DESTAQUE DA COLUNA DA ESCRITORA LUZILÁ GONÇALVES FERREIRA - DIÁRIO DE PERNAMBUCO

A FOTO, ACIMA, MOSTRA - ALÉM DE LUZILÁ, QUE HÁ 40 ANOS TEM UM CASO DE AMOR COM ESSA PRAÇA, O POETA E PINTOR MONTEZ MAGNO, AUTOR DE UM LIVRO DE POEMAS INSPIRADOS NA PRAÇA DE CASA FORTE, E A ARQUITETA BETH ARARUNA, QUE TRABALHOU COM BURLE MARX PINTOR, TORNANDO-SE SUA GALERISTA NO RECIFE. É DELA UM PROJETO DE GRANDE IMPORTÂNCIA CULTURAL SOBRE O CENTENÁRIO DE BM, QUE - INFELIZMENTE - NÃO RECEBEU ATÉ HOJE O APOIO PARA A SUA PLENA REALIZAÇÃO.- (MP)

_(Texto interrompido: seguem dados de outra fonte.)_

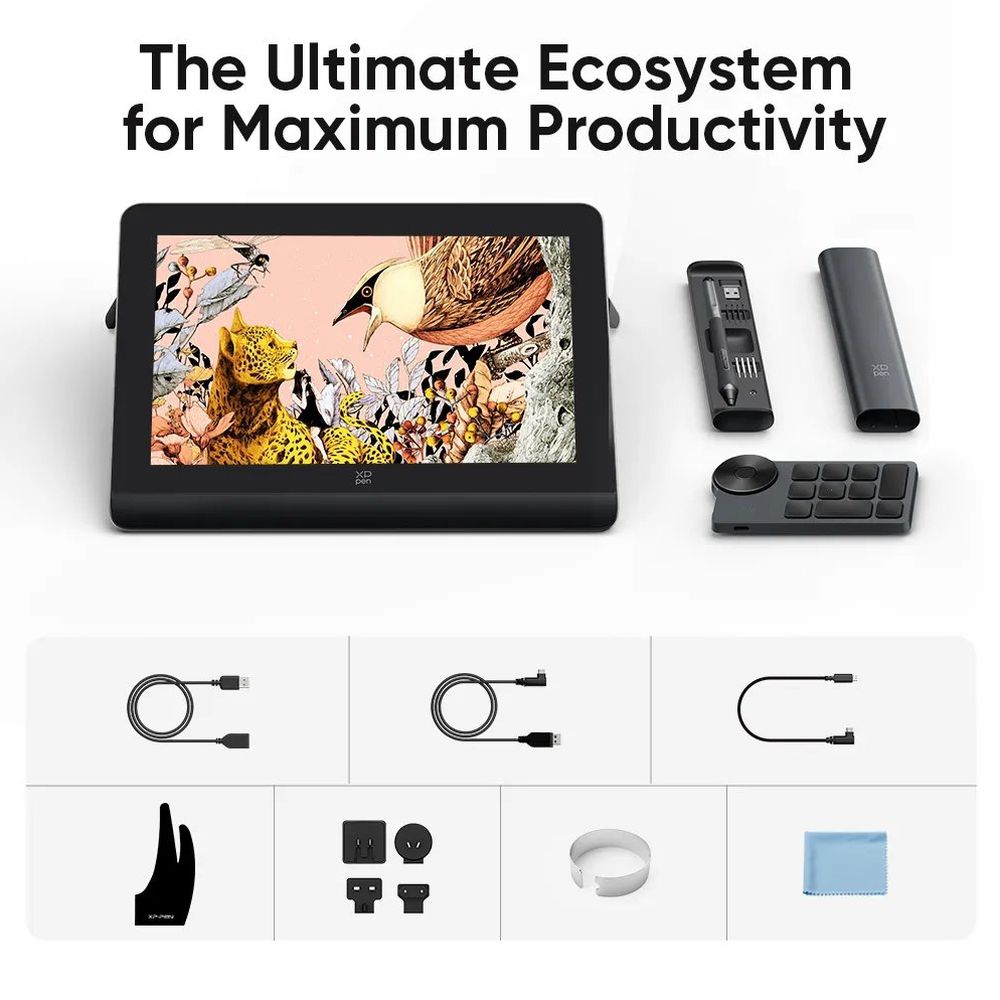 XP Pen - Artist Pro 16 Gen 2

No começo de Os falsos moedeiros, de André Gide, Bernard Profitendieu explica ao amigo Olivier, que gostaria de fazer de uma praça um personagem de romance. E descreve como a vida aconteceria ali, com babás vigiando crianças construindo castelos de areia, com escolares na hora do recreio, operárias na pausa do meio-dia, pobres que viriam comer sentados sobre um banco. E, mais tarde, namorados se beijando ou brigando, sonhadores que encontram na praça a solidão buscada, indiferentes ao que existe em torno. E idosos que gostariam de ouvir a palavra amiga que inexiste na família. Esse movimento teria, diz Bernard, como num teatro: "pessoas cinzentas, sem sexo nem idade, para varrer as aléias, regar a grama, trocar as flores, enfim preparar a cena e o cenário antes que se abrissem as grades". E, no fim do dia, os portões se fechariam, todos sairiam.

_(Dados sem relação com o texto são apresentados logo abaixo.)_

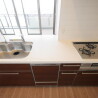 3LDK Apartment to Buy in Suginami-ku Kitchen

"A peça acabou. Você entende, algo que daria a impressão do fim de tudo, da morte, mas sem falar da morte..." diz Bernard. E acrescenta que, numa espécie de epílogo,mostraria a praça, deserta em meio à noite, mais bela que durante o dia, o silêncio só cortado pelo ruído das folhas no vento, o doce barulho de uma fonte, um pio de pássaro noturno, e onde as estátuas se moveriam lentas, como sombras.

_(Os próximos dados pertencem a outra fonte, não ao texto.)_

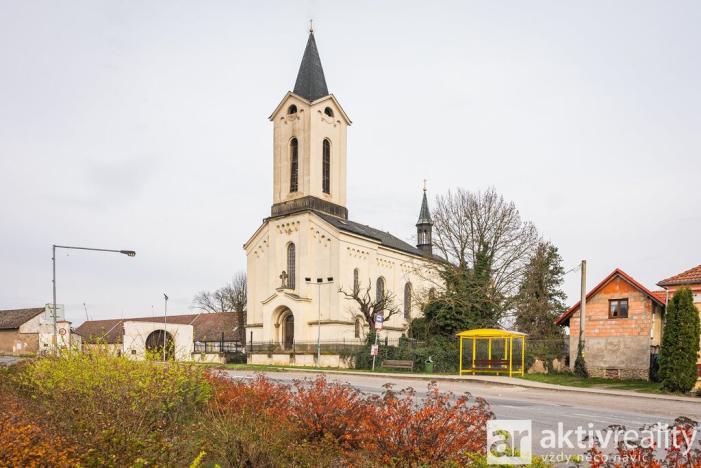 Prodej rodinného domu, Dolní Beřkovice - Vliněves, 127 m2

Sábado passado, um grupo de amigos estivemos com Marcus Prado na Praça da Casa Forte, que talvez pudesse ser personagem do romance de Bernard. Não fossem os galhos secos, há meses, nas árvores da mata atlântica ou da amazônia trazidos por Burle Marx; não fossem os parasitas crescendo livremente no topo da vegetação. Não fosse a incrível sujeira da água dos tanques, onde as vitória-régias já não podem vicejar, conforme explicou Geovana Costa Lima, que todos chamamos afetuosamente de Vaninha, moradora na Praça há mais de meio século. Não fossem as dezenas de recipientes com água para lavagem de carros, depositados ao lado de um dos tanques. E uma pergunta: já que vivem disso, por que os lavadores não enchem as latas uma a uma, à medida das necessidades, em vez de estragar a harmonia do conjunto?

Verdejante, bucólica, carregada de passado, faltaria pouco para que a Praça da Casa Forte recuperasse a antiga beleza criada por Burle Marx. E pudesse se transformar em cenário de romance.